- Task instructions
Copy out each line of the material exactly. Pictures do not belong in the copy.

- Information provided
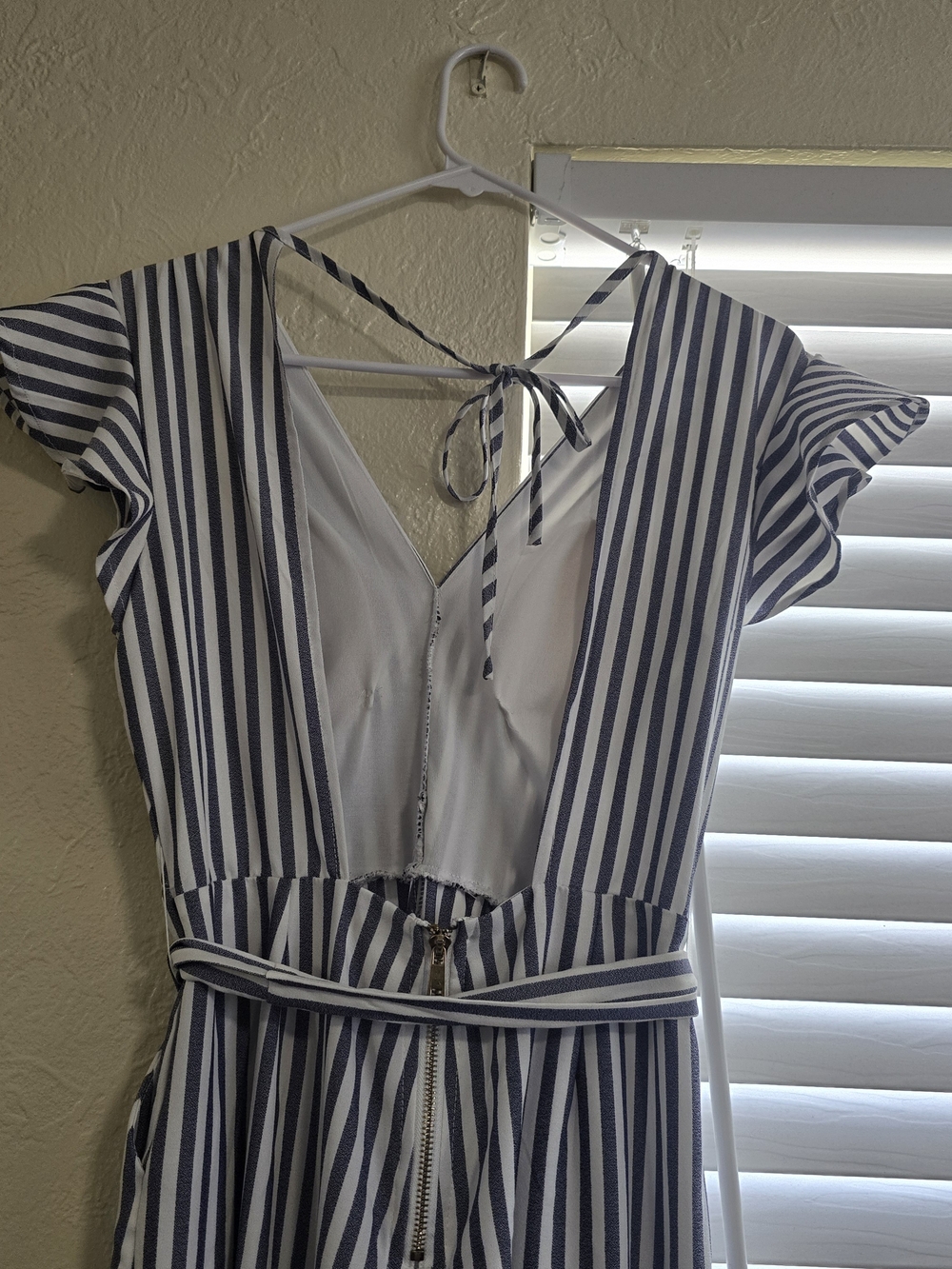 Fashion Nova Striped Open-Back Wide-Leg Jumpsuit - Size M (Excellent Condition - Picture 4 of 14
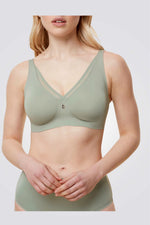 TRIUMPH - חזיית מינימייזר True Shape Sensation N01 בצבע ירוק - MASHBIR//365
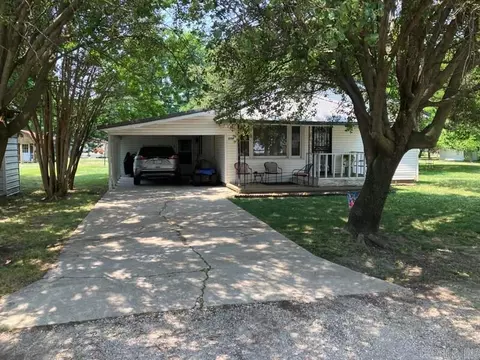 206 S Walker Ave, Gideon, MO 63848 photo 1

- Result for this exercise
 Fashion Nova Striped Open-Back Wide-Leg Jumpsuit - Size M (Excellent Condition - Picture 4 of 14
 TRIUMPH - חזיית מינימייזר True Shape Sensation N01 בצבע ירוק - MASHBIR//365
 206 S Walker Ave, Gideon, MO 63848 photo 1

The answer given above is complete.